* [What the task asks] Pictures in the entries below are excluded; copy only the lines from the one containing "A little bit" to the one containing "Hey everyone, we're", both included.

[[ Source data, beginning ]]

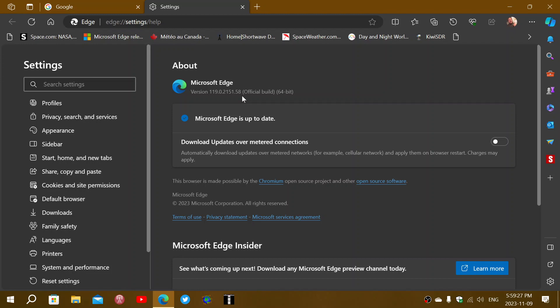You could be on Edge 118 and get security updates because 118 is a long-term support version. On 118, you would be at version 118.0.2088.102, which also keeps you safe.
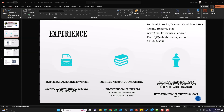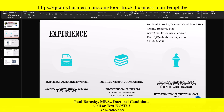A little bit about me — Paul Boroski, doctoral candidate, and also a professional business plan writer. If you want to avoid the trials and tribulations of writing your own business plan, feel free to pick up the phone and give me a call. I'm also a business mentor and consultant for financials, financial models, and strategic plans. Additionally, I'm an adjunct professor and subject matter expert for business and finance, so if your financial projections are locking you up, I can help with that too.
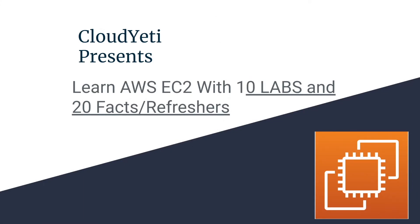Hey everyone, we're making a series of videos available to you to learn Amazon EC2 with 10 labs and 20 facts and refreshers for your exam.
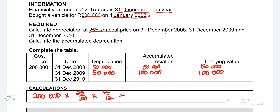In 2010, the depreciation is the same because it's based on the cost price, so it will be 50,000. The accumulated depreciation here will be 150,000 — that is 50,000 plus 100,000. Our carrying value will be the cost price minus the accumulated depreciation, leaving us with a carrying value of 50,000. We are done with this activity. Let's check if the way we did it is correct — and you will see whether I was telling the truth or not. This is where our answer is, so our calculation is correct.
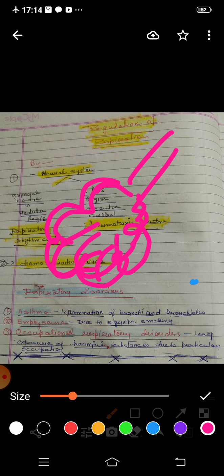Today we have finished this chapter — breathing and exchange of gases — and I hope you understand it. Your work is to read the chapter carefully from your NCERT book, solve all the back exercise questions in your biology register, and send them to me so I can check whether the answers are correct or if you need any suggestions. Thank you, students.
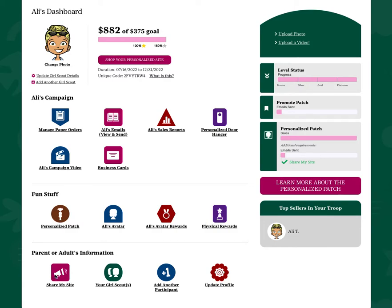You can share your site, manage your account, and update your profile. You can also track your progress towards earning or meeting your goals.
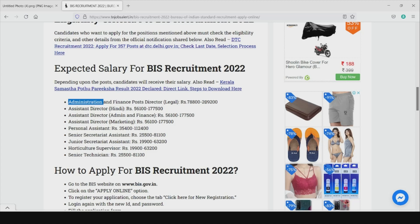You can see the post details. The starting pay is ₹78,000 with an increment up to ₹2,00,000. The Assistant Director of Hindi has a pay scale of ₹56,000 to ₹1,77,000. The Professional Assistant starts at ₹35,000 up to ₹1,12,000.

[[ Source data, end ]]

* [Result]
A little bit about me — Paul Boroski, doctoral candidate, and also a professional business plan writer. If you want to avoid the trials and tribulations of writing your own business plan, feel free to pick up the phone and give me a call. I'm also a business mentor and consultant for financials, financial models, and strategic plans. Additionally, I'm an adjunct professor and subject matter expert for business and finance, so if your financial projections are locking you up, I can help with that too.
Hey everyone, we're making a series of videos available to you to learn Amazon EC2 with 10 labs and 20 facts and refreshers for your exam.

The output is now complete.